What you need to do
Starting at the line with "Vintage Danecraft Sterling", retype each line exactly up to and including the final line of the records below.

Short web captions
----

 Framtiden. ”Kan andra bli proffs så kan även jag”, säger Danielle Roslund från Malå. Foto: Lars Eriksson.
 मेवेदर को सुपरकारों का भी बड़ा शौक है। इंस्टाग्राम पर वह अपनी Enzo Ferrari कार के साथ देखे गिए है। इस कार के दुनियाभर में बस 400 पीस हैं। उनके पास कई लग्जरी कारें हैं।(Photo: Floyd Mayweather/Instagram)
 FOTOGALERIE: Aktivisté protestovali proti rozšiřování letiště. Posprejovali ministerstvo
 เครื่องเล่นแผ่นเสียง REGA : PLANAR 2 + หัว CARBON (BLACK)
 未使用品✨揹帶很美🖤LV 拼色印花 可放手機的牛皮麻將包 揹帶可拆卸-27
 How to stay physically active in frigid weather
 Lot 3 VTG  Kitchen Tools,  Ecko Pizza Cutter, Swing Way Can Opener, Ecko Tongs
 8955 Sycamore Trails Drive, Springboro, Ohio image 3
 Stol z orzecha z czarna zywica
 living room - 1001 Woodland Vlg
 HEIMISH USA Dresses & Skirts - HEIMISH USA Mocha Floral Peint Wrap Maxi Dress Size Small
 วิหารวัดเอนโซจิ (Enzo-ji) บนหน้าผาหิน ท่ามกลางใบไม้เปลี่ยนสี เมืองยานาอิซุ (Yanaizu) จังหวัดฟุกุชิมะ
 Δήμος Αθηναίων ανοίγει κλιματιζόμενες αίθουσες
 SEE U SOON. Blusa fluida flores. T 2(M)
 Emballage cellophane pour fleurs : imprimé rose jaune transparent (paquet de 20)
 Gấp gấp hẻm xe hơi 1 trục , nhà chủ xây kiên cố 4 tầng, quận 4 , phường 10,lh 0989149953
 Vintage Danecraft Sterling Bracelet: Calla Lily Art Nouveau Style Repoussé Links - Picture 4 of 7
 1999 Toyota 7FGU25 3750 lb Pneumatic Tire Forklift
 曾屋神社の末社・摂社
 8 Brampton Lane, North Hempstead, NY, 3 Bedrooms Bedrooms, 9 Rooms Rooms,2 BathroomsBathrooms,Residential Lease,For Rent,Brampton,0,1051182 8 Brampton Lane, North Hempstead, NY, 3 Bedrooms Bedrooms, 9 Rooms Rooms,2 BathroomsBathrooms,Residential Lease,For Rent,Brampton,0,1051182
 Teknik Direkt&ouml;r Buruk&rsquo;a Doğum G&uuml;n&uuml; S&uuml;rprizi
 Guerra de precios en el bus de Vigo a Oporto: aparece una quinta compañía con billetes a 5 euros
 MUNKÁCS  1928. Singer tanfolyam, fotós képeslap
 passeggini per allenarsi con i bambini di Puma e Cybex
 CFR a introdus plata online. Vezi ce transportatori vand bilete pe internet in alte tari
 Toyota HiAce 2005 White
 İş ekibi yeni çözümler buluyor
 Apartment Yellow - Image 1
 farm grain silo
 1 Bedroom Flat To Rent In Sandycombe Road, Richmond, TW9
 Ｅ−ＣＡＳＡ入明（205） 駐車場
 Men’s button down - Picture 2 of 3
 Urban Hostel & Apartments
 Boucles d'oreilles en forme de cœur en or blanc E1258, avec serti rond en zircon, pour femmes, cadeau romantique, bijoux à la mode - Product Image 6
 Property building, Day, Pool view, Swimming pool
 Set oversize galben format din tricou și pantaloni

----

Exercise solution
 Vintage Danecraft Sterling Bracelet: Calla Lily Art Nouveau Style Repoussé Links - Picture 4 of 7
 1999 Toyota 7FGU25 3750 lb Pneumatic Tire Forklift
 曾屋神社の末社・摂社
 8 Brampton Lane, North Hempstead, NY, 3 Bedrooms Bedrooms, 9 Rooms Rooms,2 BathroomsBathrooms,Residential Lease,For Rent,Brampton,0,1051182 8 Brampton Lane, North Hempstead, NY, 3 Bedrooms Bedrooms, 9 Rooms Rooms,2 BathroomsBathrooms,Residential Lease,For Rent,Brampton,0,1051182
 Teknik Direkt&ouml;r Buruk&rsquo;a Doğum G&uuml;n&uuml; S&uuml;rprizi
 Guerra de precios en el bus de Vigo a Oporto: aparece una quinta compañía con billetes a 5 euros
 MUNKÁCS  1928. Singer tanfolyam, fotós képeslap
 passeggini per allenarsi con i bambini di Puma e Cybex
 CFR a introdus plata online. Vezi ce transportatori vand bilete pe internet in alte tari
 Toyota HiAce 2005 White
 İş ekibi yeni çözümler buluyor
 Apartment Yellow - Image 1
 farm grain silo
 1 Bedroom Flat To Rent In Sandycombe Road, Richmond, TW9
 Ｅ−ＣＡＳＡ入明（205） 駐車場
 Men’s button down - Picture 2 of 3
 Urban Hostel & Apartments
 Boucles d'oreilles en forme de cœur en or blanc E1258, avec serti rond en zircon, pour femmes, cadeau romantique, bijoux à la mode - Product Image 6
 Property building, Day, Pool view, Swimming pool
 Set oversize galben format din tricou și pantaloni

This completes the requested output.